Telle fut cette fameuse bataille de Valmy, gagnée par Kellermann, mais préparée par les hardies et savantes manœuvres de Dumouriez. Plus de vingt mille coups de canon furent tirés dans cette journée célèbre, qui a été appelée pendant quelque temps canonnade de Valmy. La perte fut à peu près égale, et s’éleva à huit ou neuf cents hommes seulement pour chaque armée. Mais la confiance et la gaieté régnaient dans le camp français, tandis qu’au quartier général prussien les regrets et les reproches éclataient avec amertume. On assure que, le soir même, le roi de Prusse s’emporta vivement contre les émigrés, dont les rapports, pleins d’un ridicule et sot mépris pour les-Français, avaient imprudemment exalté les espérances de la coalition.
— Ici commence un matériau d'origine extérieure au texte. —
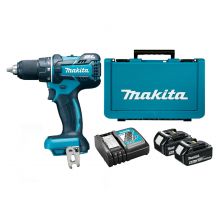 MAKITA DHP483RTE Hammer Drill Kit (18V) 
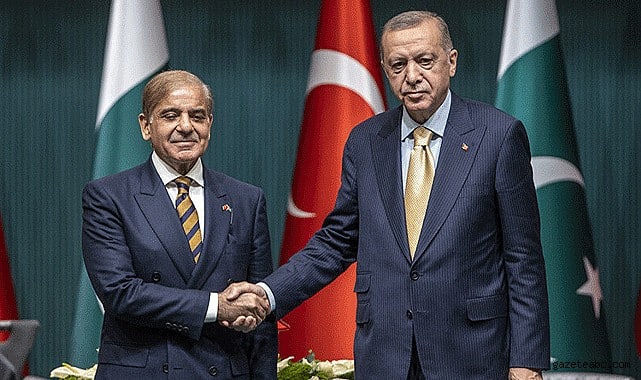 Pakistan’dan Türkiye’ye Teşekkür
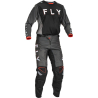 PANTALON FLY KINETIC KORE NOIR/GRIS Pantalon moto cross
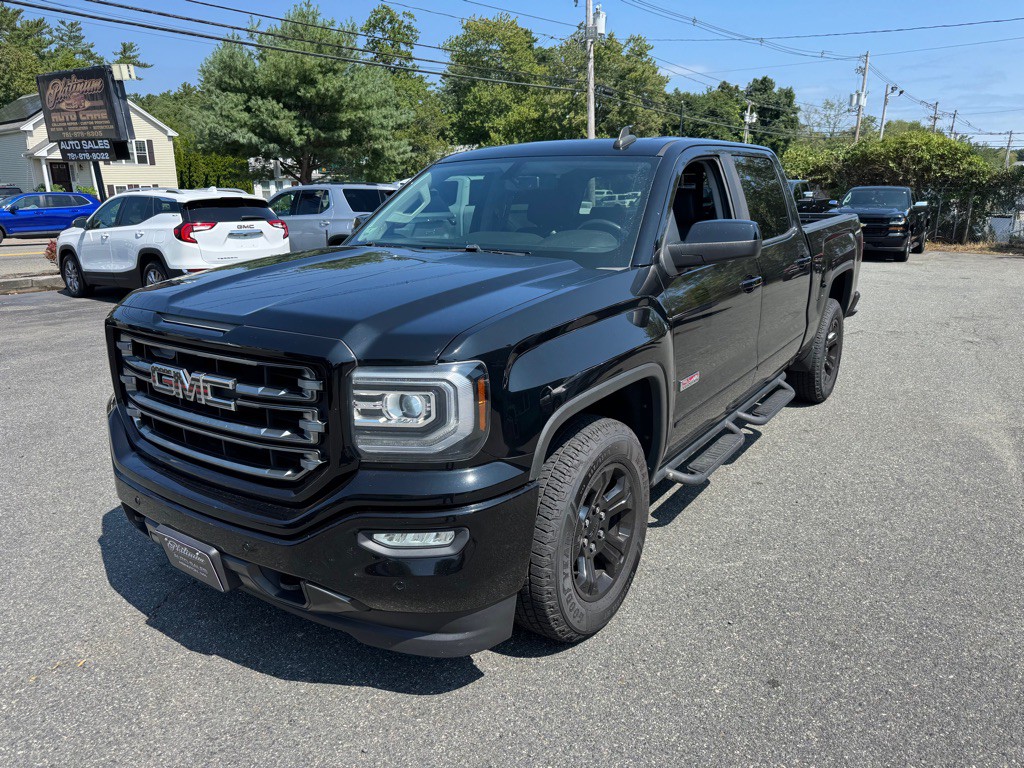 2017 GMC Sierra Image 4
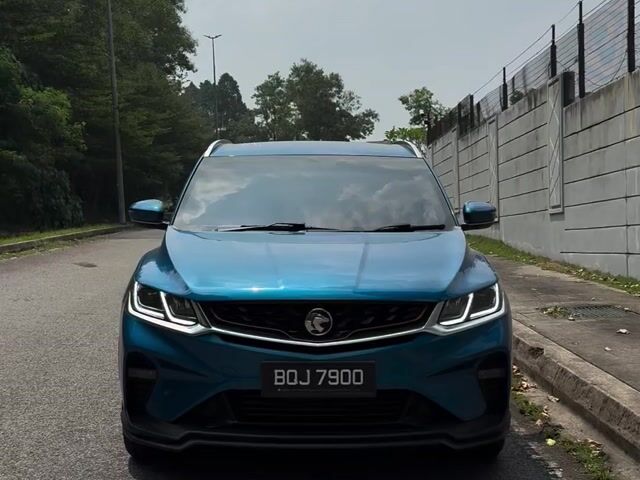 ORI 2021 Proton X50 1.5 PREMIUM MY20 (A) - 1
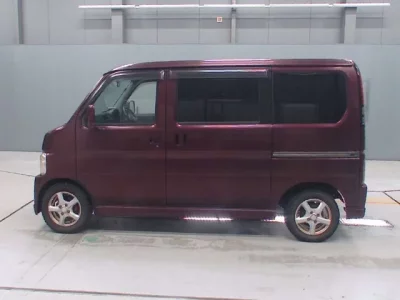 Honda VAMOS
Des pourparlers ne tardèrent pas à s’ouvrir, où le duc de Brunswick, quoique vaincu, crut devoir conserver le ton d’insolente fierté qui règne dans son manifeste. « Apparemment, dit froidement Dumouriez en recevant ses propositions, le duc de Brunswick me prend pour un bourgmestre d’Anvers, » et il rompit sur-le-champ les négociations. L’orgueilleux Prussien, menacé de mourir de faim dans son camp, se vit bientôt forcé de les reprendre, et il commença enfin une humble retraite dont chaque étape avait été fixée d’avance.

La journée de Valmy occupe une place immortelle dans nos annales : elle fut le couronnement d’une série d’admirables dispositions militaires ; elle sauva de l’invasion le sol sacré de la patrie ; elle fut en quelque sorte le glorieux baptême de sang de la Révolution, où le patriotisme inaugurait par des prodiges cette période héroïque que l’ambition devait clore par des revers si éclatants.